「日中関係が改善」という観測が年明けの日本で広まった。2017年末に自民党幹事長の二階俊博氏が訪中し、習近平国家主席らに歓迎されたことからの期待のようだ。
では、中国側の対日政策は実際に変わったのだろうか。
答えは明確なノーだといえる。中国側は対日政策の根底は変えないまま、外交戦術として仮初めの微笑をみせているにすぎない。日本側は警戒を怠ってはならないのだ。
中国政府が友好行事を開くタイミングとは
「中国の対日政策の軟化」や「日中関係の改善」といった日本側の観測は、自民党幹事長の二階俊博氏が公明党幹事長の井上義久氏を伴って北京を訪れたことから広まった。2017年12月24日から29日までのこの“北京詣で”で、二階氏は習近平国家主席とも会談する誉れを得て、歓待を受けた。中国共産党の中央党校にも招かれて演説をした。中国版シルクロードとされる「一帯一路」構想への日本の参加も熱烈に要請された。そうした中国側の前向きにみえる態度が、「対日政策の雪解け」という推測を日本側に生み出した。
しかしちょっと待て、である。日中関係での二階氏の動きには気をつけねばならない歴史がある。
米中関係が険悪となり、日米同盟が強化されると、自民党の二階俊博氏が北京に姿をみせる。日米中三国関係のうねりを長年、観察していると、こんなパターンがあることに気づく。

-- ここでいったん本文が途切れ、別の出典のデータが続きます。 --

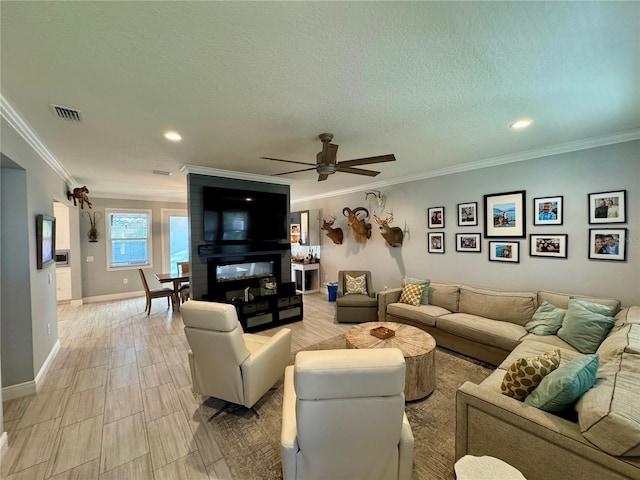 living room with baseboards, ornamental molding, and a textured ceiling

「風が吹けば桶屋が儲かる」ということわざのような、一見、奇妙な因果関係にみえるが、よく観察するときちんとした理屈が通っていることが分かる。背後にあるのは、中国側の巧みな日本懐柔戦術である。
二階氏のこれまでの北京詣でを振り返ってみよう。
2000年5月、運輸大臣だった二階氏は約5000人もの日本からの訪中団を率いて北京を訪れた。旅行業界や観光業界を動員しての訪中である。人民大会堂での式典では江沢民、胡錦涛という正副の国家主席が登場して歓迎した。明らかに中国側の主導で開かれた友好行事だった。
その頃、産経新聞中国総局長として北京に駐在していた私は、この訪中団歓迎の儀式を目前にみて、それまでの中国側の日本への冷たい態度が急変したことに驚いた。
当時、米国のクリントン政権は、中国の台湾への軍事威嚇などを理由に対中姿勢を急速に硬化させていた。クリントン政権は日本に日米共同のミサイル防衛構想を呼びかけ、同盟強化を進めていた。
多数の関係者に聞くと、中国指導部はそんな状況下で日米両国と同時に敵対関係を深めるのは不利だと判断して、日本に仮初めの微笑をみせたのだという分析で一致していた。